Communication is an important part of animal behaviour. For example, primates use a variety of sounds and gestures in social interaction to portray threat, intention, alarm, and so on - and highly sophisticated forms of communication are found in other species as well (whales and dolphins provide a fascinating example). But, for many researchers this is not the same as human language which is essentially infinite in its meaning (largely due to its grammar), and which is able to associate specific (and abstract) meanings with arbitrary sound and symbols. Indeed, language is the thing that makes us uniquely human (or so the argument goes), and no other species comes close to emulating our ability to comprehend, use, and produce language.

But is language really unique to human beings? One problem with this theory is that other animals (including primates) cannot make our sounds. For example, they do not have the same fine control over their tongues, lips, and vocal chords, and are therefore unable to talk. Thus, if animals were to learn or understand language they would not be able to tell us. With this possibility in mind, Beatrice and Roger Gardner during the 1960s set about teaching a female chimpanzee (called Washoe) a version of American sign language used by deaf people. The Gardners began when Washoe was about one year old - and within three years she had developed a vocabulary of over 130 signs (or 'words'). Moreover, she learned to combine the signs to make simple sentences, and to use 'words' in creative and novel ways (e.g. after learning the verb 'to open' she would ask the investigators to 'open' the tap whenever she wanted a drink). Other researchers have confirmed these findings, and similar work has been undertaken with gorillas and orangutans.(Paterson and Linden 1981; Miles 1983)

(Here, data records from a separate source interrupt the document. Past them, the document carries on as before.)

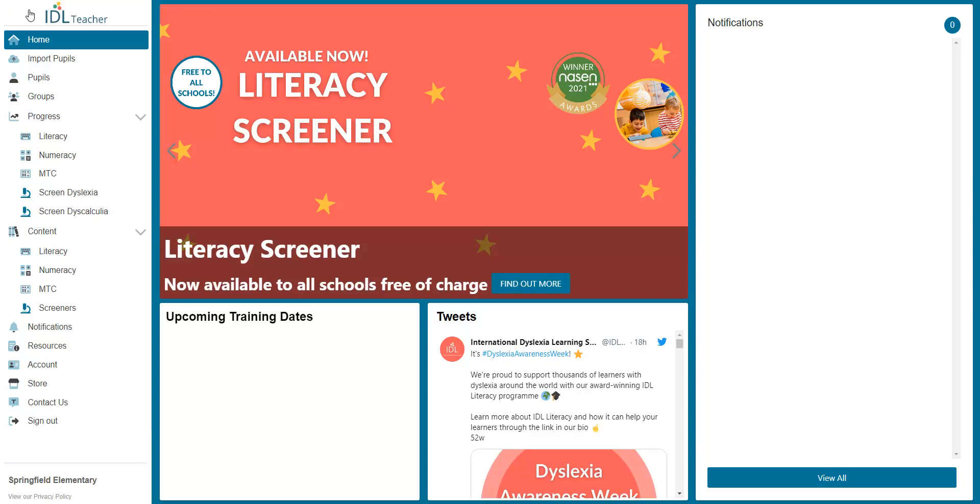You can access any lesson in Literacy or Numeracy from your Administrator account. Click on the Content drop-down menu on the left side. Select the program you want. Here, I'm going to look at Literacy first.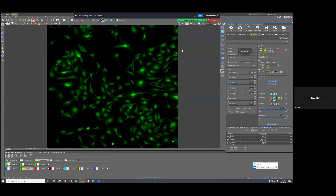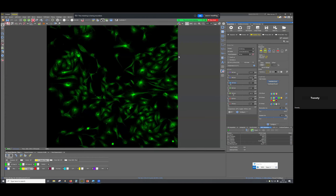On our system 'Tweety' we have two back-illuminated CMOS sensors from Photometrics. One is called Kinetics, with 6.5-micrometer pixels — medium-sized. The other is called Prime 95B, also back-illuminated, with 11-micrometer pixels — larger than the Kinetics. There are a few things to consider when choosing a camera for your application, which I'll go through and demonstrate live.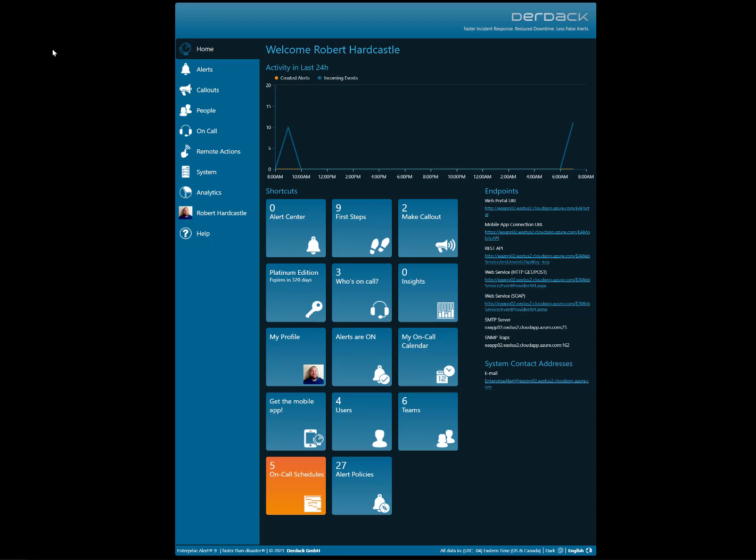It is also possible to enable dark mode as your default mode for all users. By default, classic mode will still be the default. However, if you go into your machine...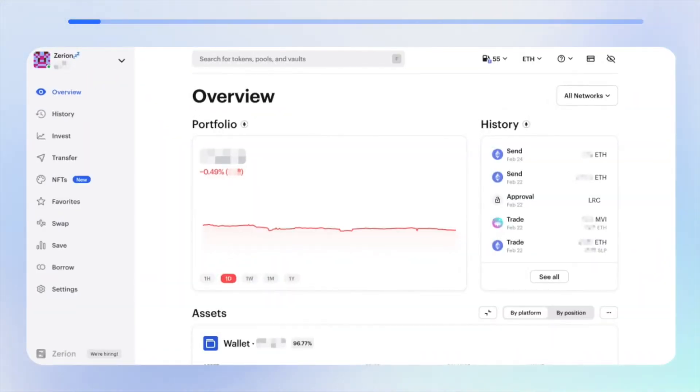Hi, this is Gleb from Zerion and today I'm going to show you how to export and import wallets.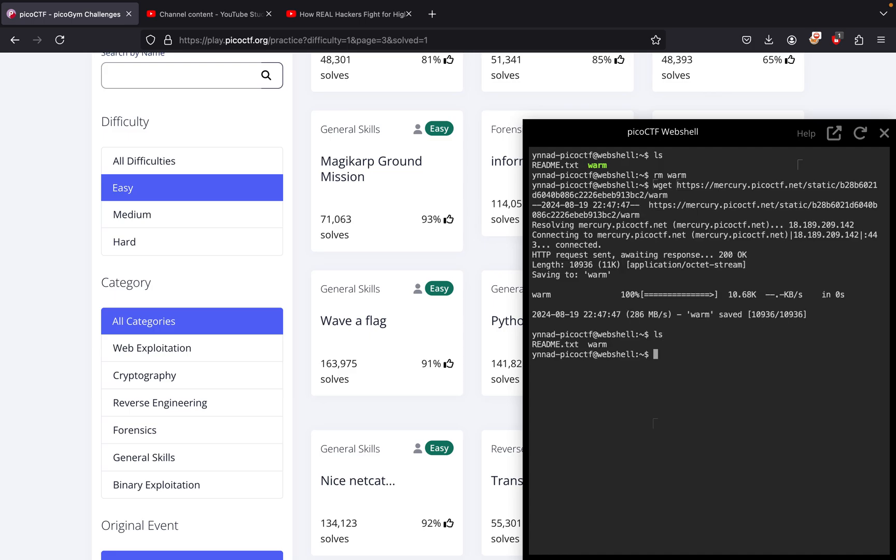...warm downloaded already but I deleted it, as you can see right here. Now if I try running this warm, I don't have the specific permissions.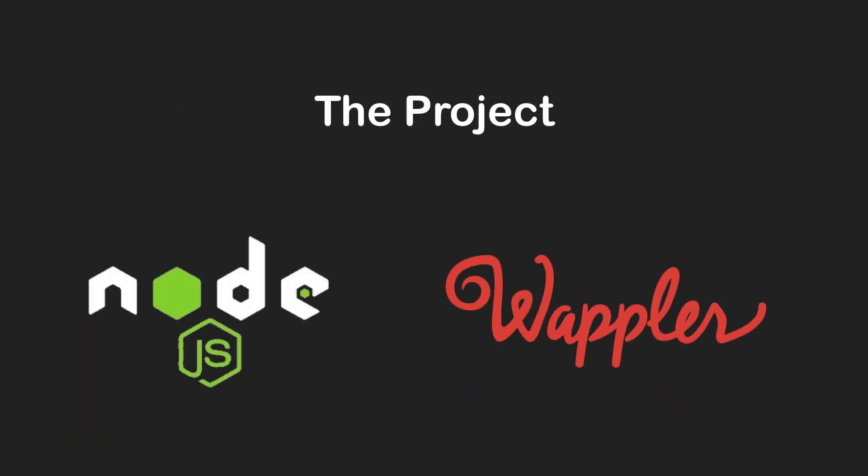With this video I want to explain what I plan to create in the Node.js playlist. The idea is to get you used to using Wappler, Node.js, Bootstrap 5 and a database called SQLite. And what better way than to create a full-blown project?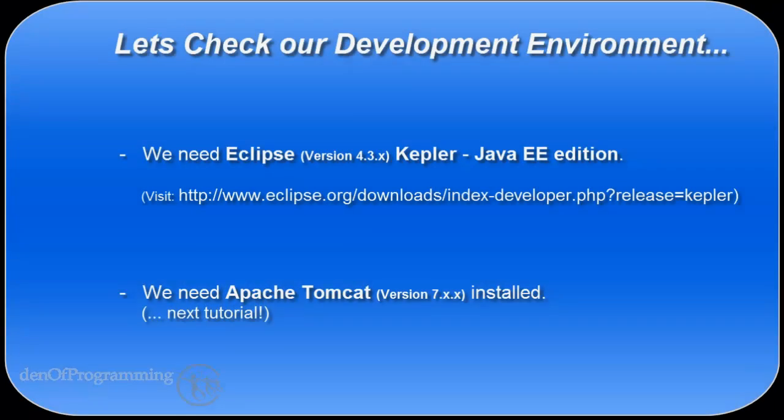First we need to check our Eclipse environment to make sure it's version 4.3 or Kepler, and it also needs to be the Java EE edition.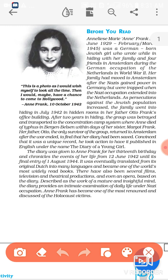The diary was given to Anne Frank for her 13th birthday, provided by her parents. It chronicles the events of her life from 12 June 1942 until its final entry of 1 August 1944. It was eventually translated from its original Dutch into many languages and became one of the world's most widely read books. There have also been several films, television and theatrical productions, and even an opera based on the diary, described as the work of a mature and insightful mind.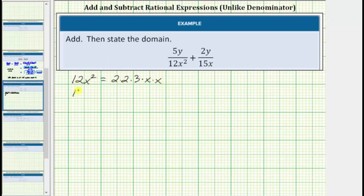And then for 15x, because the prime factorization of 15 is 3 times 5, we'll write 15x as 3 times 5 times x.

However, the interpretation of these findings remains highly controversial. For example, some researchers have argued that these animals are not learning sign language per se, but rather they are only imitating the gestures made by their trainers. In support of this idea, they point out that primates often combine signs in illogical sequences and only occasionally join signs together in a meaningful way (which the trainer will inevitably then choose to reinforce). Others have argued that although primates might be able to communicate with language, there is little evidence to indicate that they can also use it as a vehicle for thought. But there are those who disagree. For example, some of the most compelling evidence for language in primates has come from Susan Savage-Rumbaugh and her colleagues who worked with a male pigmy chimpanzee called Kanzi. Apparently, this primate can understand about 150 English spoken words and can respond to complex and unfamiliar spoken commands such as 'throw your ball in the river' and 'go to the refrigerator and get out a tomato' (Savage-Rumbaugh 1990). Moreover, Kanzi can even use symbols to communicate past events, e.g. she pressed the symbols on a special keyboard to represent 'Matata bite' (Matata is a fellow monkey) to explain a cut that was on her hand.

These findings imply that language may not be unique human ability after all - although to put this work into its correct perspective, it needs to be borne in mind that Kanzi's language skills are only equivalent to that of a two-year-old human (Greenfield and Savage-Rumbaugh 1990). Thus, it still remains the case that no other species comes close to matching our ability to use and understand language. In other words, language is our natural medium of communication, although the same can clearly not be said of other animals.

(Wickens, 2000)


You may have noted that both the style and language of this argument are different. Different perspectives on the issue are presented and there is evidence to back up the points made. References are included to give the points weight and to show the sources used. The author has demonstrated higher order skills and independent thinking. For example, ideas are put together (synthesis), their worth evaluated, a conclusion on the issue reached (independent thinking).

Debates over issues can be complex as a result of the many points of view and arguments. One way to make sense of all this might be to produce a visual map in which you summarise the key arguments and how they are linked to each other.